Johan Cruyff holds his lifetime achievement award during the Laureus World Sports Awards in Barcelona on May 22, 2006. AP file photo

Tributes following the death of Johan Cruyff

Among the tributes to Dutch soccer great Johan Cruyff after his death Thursday:

“With his intelligent play, superb technique and leadership, he quickly became an icon for Barca” — FC Barcelona website tribute to its former player and manager.

“He was not only a very good friend; he was like a brother to me” — former West Germany and Bayern Munich player Franz Beckenbauer.

“It’s a very sad day for everyone, not just for the Barca family, but for all of world football” — current Barcelona midfielder Andres Iniesta.

“True football royalty. I don’t think anyone has ever influenced the game as much as he has done. We have all been touched and inspired by his vision and his beliefs.
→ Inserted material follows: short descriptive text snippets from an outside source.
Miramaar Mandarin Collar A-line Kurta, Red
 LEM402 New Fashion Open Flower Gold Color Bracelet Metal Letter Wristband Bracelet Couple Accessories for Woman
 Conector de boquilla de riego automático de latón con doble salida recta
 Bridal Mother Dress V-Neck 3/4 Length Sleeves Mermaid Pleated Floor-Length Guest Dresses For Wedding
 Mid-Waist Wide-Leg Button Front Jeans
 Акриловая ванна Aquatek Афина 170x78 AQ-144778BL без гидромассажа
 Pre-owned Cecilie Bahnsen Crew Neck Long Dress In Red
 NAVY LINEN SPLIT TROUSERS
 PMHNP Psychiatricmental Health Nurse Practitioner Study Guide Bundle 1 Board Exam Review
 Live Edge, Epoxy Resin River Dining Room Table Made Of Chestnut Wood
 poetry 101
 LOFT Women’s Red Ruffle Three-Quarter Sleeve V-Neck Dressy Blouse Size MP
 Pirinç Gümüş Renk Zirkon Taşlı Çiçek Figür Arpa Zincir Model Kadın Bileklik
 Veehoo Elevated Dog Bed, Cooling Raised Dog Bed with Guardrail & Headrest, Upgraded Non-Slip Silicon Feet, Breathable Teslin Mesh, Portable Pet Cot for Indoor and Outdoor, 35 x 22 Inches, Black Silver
Football will miss him but we will never forget” — Belgium and Manchester City captain Vincent Kompany.

“You were too great to ever be forgotten” — former Netherlands and Barcelona striker Patrick Kluivert.

“We lost one of the best ever in world football. Johan Cruyff was simply an amazing player, coach, teacher and human” — former Bayern Munich and Germany player/manager Jurgen Klinsmann, now the U.S. men’s national team’s manager.

“He was one of those great, great footballers that made you excited whenever he got the ball and began to play” — former Manchester United and England midfielder Bobby Charlton.

“One of the greatest players the world has ever known. A symbol of elegant play. An inspiration. A source of admiration for fans. He has marked football history forever” — FIFA president Gianni Infantino.